▶ Dataset section:
▼▼▼
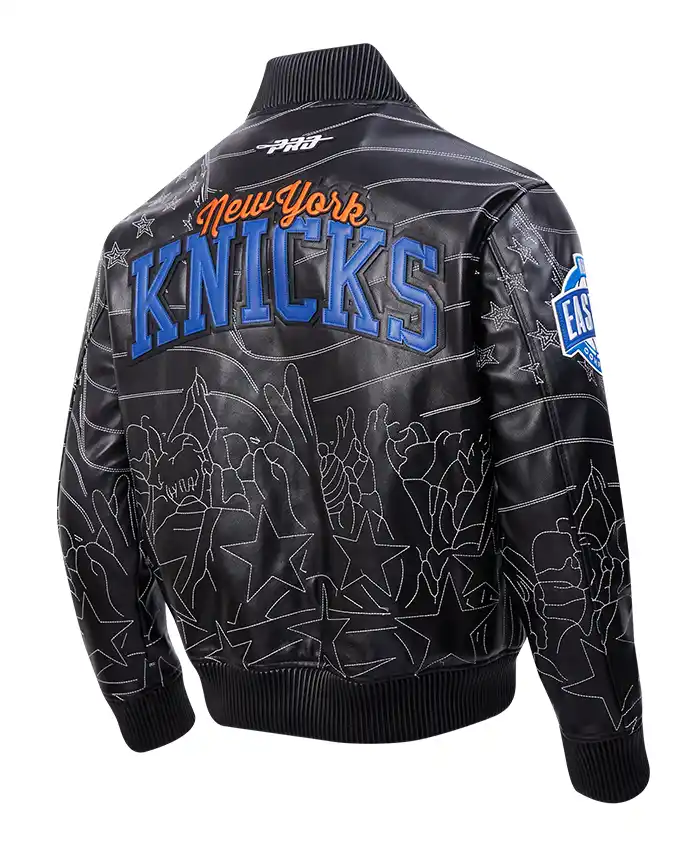 Close-up-of-NBA-New-York-Knicks-Mens-Pro-Premium-Heavy-Black-Leather-Bomber-Jacket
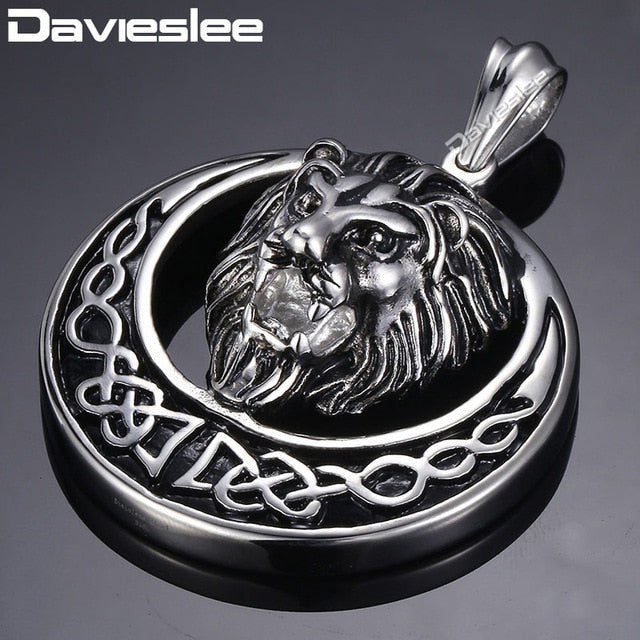 Davieslee Lion Head Pendant for Men Women 316L Stainless Steel Mens Pendant Fashion Jewelry Dropshipping 2018 Ship From USA HP96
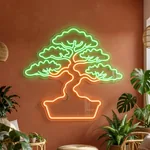 Néon LED Bonsai Tree allumé, mis en situation dans un intérieur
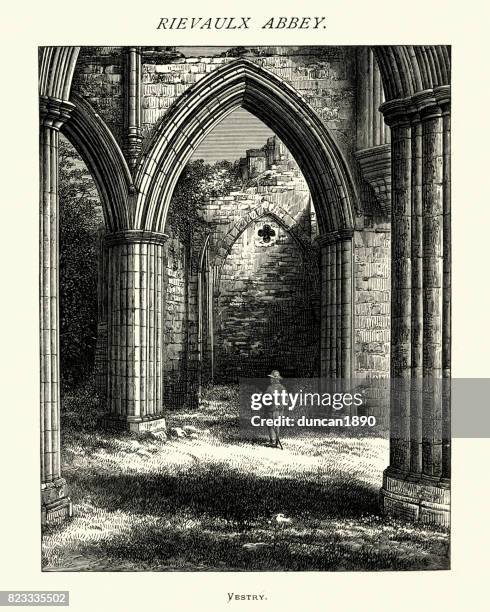 rievaulx abbey, vestry, north yorkshire, 19th century - rievaulx abbey stock illustrations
▲▲▲
▶ Description of the task:
Reproduce the material above exactly, but only from the line with "Néon LED Bonsai" through its last line, leaving pictures out.

▶ Task response:
 Néon LED Bonsai Tree allumé, mis en situation dans un intérieur
 rievaulx abbey, vestry, north yorkshire, 19th century - rievaulx abbey stock illustrations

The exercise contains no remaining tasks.